Outro componente novo para mim era o freio de mão, que, quando acionado, dificultava significativamente a saída do carro do lugar. No meu caso apenas dificultava, pois o carro era tão velho e cheio de problemas, que era capaz de andar mesmo com o freio de mão puxado. Depois aprendi que carros bem ajustados não andam quando o freio de mão está puxado.
Além desses itens novos, notei que havia um conjunto de espelhos que deveria estar posicionado de modo que eu pudesse visualizar algumas partes externas do carro. Inicialmente era difícil imaginar que parte do carro precisava ser vista de dentro. Depois de tentar tirar um carro estacionado entre outros dois, foi fácil perceber que eu precisava visualizar, por exemplo, a lateral, de modo que não raspasse nos carros ao lado.

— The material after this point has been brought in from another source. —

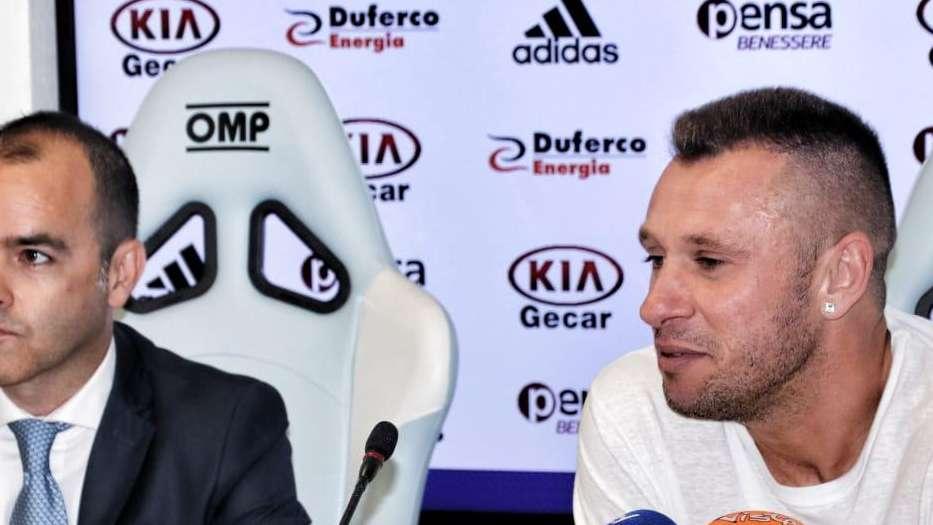 Cassano: "Nutella era patrocinador del Real Madrid y cada mes me regalaban 5 kilos"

Por fim eu notei que havia uma ordem mais adequada para proceder com todos esses ajustes. O freio de mão, por exemplo, só deveria ser desacionado após o carro já estar ligado. E o carro só deveria ser ligado após os espelhos e bancos estarem ajustados. Os espelhos, por sua vez, só deveriam ser ajustados depois que o banco estivesse posicionado no lugar certo. Hoje parece simples, mas no início era difícil saber o que fazer primeiro.
Após algumas tentativas mal sucedidas, finalmente consegui tirar o carro do lugar e andar alguns metros sem que ele morresse. Descobri que a embreagem e o freio possuem uma relação de dependência desigual. Com o carro em movimento, o freio jamais pode ser acionado sem que a embreagem o acompanhe. Mas ela, a embreagem, não depende do freio para ser acionada. Assim percebi que a embreagem funciona como parceira tanto do freio (na hora de parar o carro) quanto do acelerador (na hora de colocar o carro em movimento).
Depois eu fui descobrindo a função de outros componentes como, seta, farou baixo, farol alto, farol de milha, farol de neblina, lanterna, limpador de para-brisa, pisca alerta, limpador de para-brisa, cinto de segurança (que naquela época era completamente dispensável), etc., além do painel com todas aquelas informações sobre velocidade, combustível, óleo, temperatura, etc. Há realmente muitos recursos no carro e é muito difícil aprender a usar cada um deles. Mas é mais difícil ainda coloca-los todos em funcionamento, simultaneamente, quando necessário.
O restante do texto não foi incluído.